As long as it was only the population of Ireland that fell (8,500,000 in 1846 to 4,370,000 in 1911), Great Britain was not merely untroubled but actually rejoiced at a decrease in numbers that made the Irish more manageable, and yet just sufficiently starvable to supply her with a goodly surplus for army, navy, and industrial expansion in Great Britain. Now that the Irish are gone with a vengeance it is being perceived that they did not take their vengeance with them and that the very industrial expansion they built up from their starving bodies and naked limbs contains within itself the seeds of a great retribution.
“Since Free Trade has ruined our agriculture, our army has become composed of starving slum dwellers who, according to the German notion are better at shouting than at fighting. German generals have pointed out that in the South African war our regular and auxiliary troops often raised the white flag and surrendered, without necessity, sometimes to a few Boers, and they may do the same to a German invading force. Free Trade which “benefits the consumer” and the capitalist has, unfortunately, through the destruction of our agriculture and through forcing practically the whole population of Great Britain into the towns, destroyed the manhood of the nation.” (Modern Germany page 251, by J. Ellis Barker, 1907). An army of slum dwellers is a poor base on which to build the structure of a perpetual world dominion.
While the navy shows an imposing output of new battleships and cruisers for 1913, the record, we are told, of all warship construction in the world, it takes blood as well as iron to cement empires. Battleships may become so much floating scrap iron (like the Russian fleet at Tsushima), if the men behind the guns lack the right stamina and education.
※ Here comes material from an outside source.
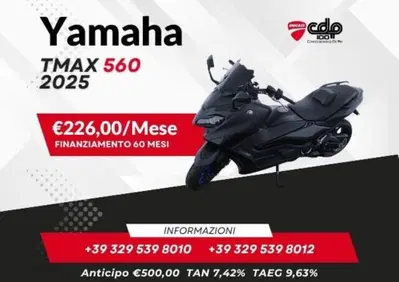 Yamaha T-Max 560 (2025 - 26) - Annuncio 10121705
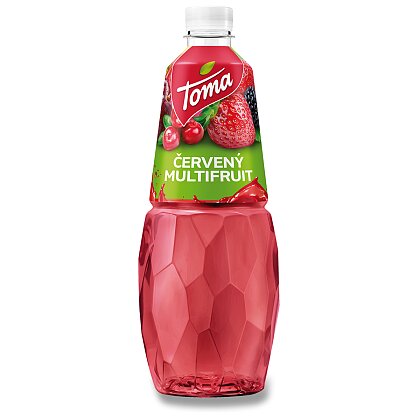 Product image Toma - fruit juice - Red Multifruit, 1 l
We learn, too, that it is not only the slum dwellers who are failing, but that to meet the shortage of officers a large number of transfers from the merchant marine to the Royal Navy are being sanctioned. To this must be added the call of the Great Dominions for men and officers to man their local fleets. As the vital resources of England become more and more inadequate to meet the menace of German naval and moral strength, she turns her eyes to Ireland, and we learn from the London Daily Telegraph that Mr. Churchill’s scheme of recruiting at Queenstown may furnish “matter for congratulation, as Irish boys make excellent bluejackets happy of disposition, amenable to discipline, and extremely quick and handy.”